Oordeel 2022-055, zorgvuldig, NVO-melding, kanker, uitzichtloos en ondraaglijk lijden.

Patiënte leed ondraaglijk op grond van een lymfoplasmacytair lymfoom. Dit is een zeldzaam lymfoom waarbij er teveel rijpe B-lymfocyten in het beenmerg, de lever en milt zitten die uitgroeien tot plasmacellen die een enorme hoeveelheid afwijkend IgM-eiwit aanmaken, ook wel de ziekte van Waldenström genoemd.

In meldingen waarin de commissie van oordeel is dat de arts aan alle zorgvuldigheidseisen voldaan heeft en die geen enkele vraag oproepen, wordt de arts vrijwel altijd in een korte brief op de hoogte gesteld van de uitkomst van de beoordeling. De hieronder staande casus betreft een dergelijke melding. De tekst is dus niet een verzonden oordeel, maar een samenvatting van de casuïstiek van de betreffende melding.
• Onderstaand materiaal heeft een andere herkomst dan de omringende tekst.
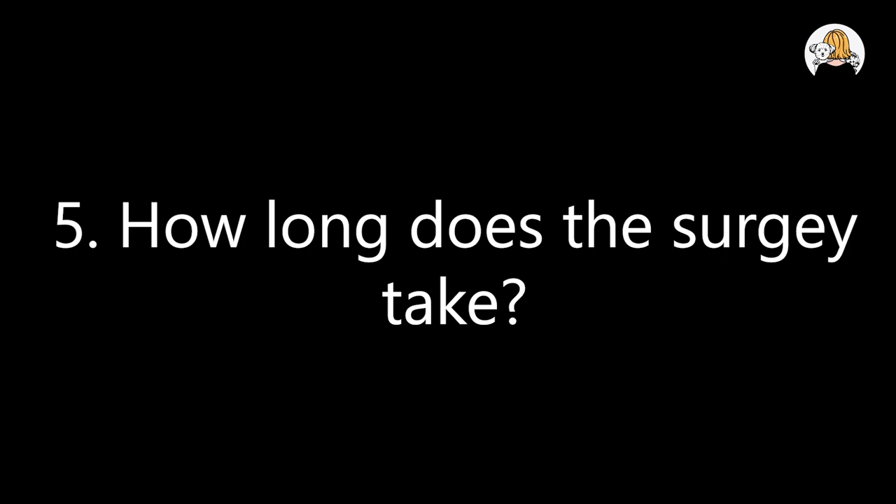Now comes the crux — the surgery itself. On the day of the surgery, we will use Kiara as our example. Your pet needs to fast for 12 hours prior to the surgery. On the day, try to reach the clinic at least an hour before the surgery timing. Kiara got spayed on July 6th, which is very recent, so we still remember everything crystal clear.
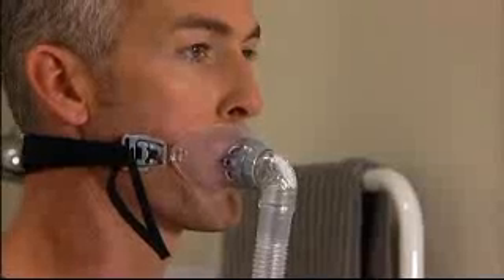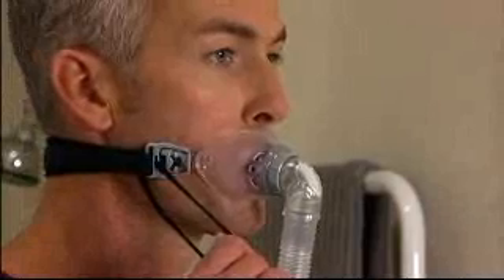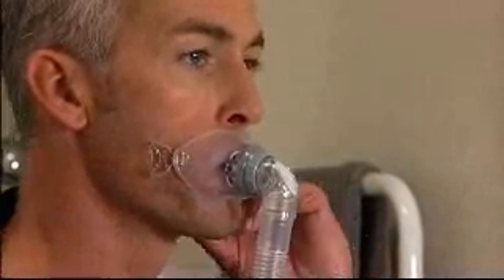To remove the mask, unhook the headgear from the glider strap by pulling the easy-release cord. Pull back the snap flap and remove the mask from your mouth.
Bij een vrouw tussen de zestig en zeventig jaar, werd zeven maanden voor het overlijden amyloïdose bij de ziekte van Waldenström vastgesteld. Als gevolg daarvan ontstond hartfalen en polyneuropathie. Ondanks behandeling verslechterde de situatie van de vrouw snel; met name het hartfalen kende een zeer progressief verloop en werd uiteindelijk terminaal.

Het lijden van de vrouw bestond uit ernstige benauwdheid bij de geringste inspanning en vermoeidheid. Daarnaast had zij een continu pijnlijk gevoel in haar benen. De vrouw had altijd een actief en sociaal leven geleid, maar was uiteindelijk tot weinig meer in staat. Zij was volledig bedlegerig en zorgafhankelijk geworden. Hierdoor en vanwege het totale gebrek aan energie was haar sociale leefwereld erg klein geworden. Deze situatie vergde emotioneel veel van de vrouw. Zij leed onder het verlies van autonomie, het gebrek aan perspectief en de zinloosheid van haar situatie. De vrouw wilde verdere achteruitgang niet meer afwachten. Zij ervoer haar lijden als ondraaglijk.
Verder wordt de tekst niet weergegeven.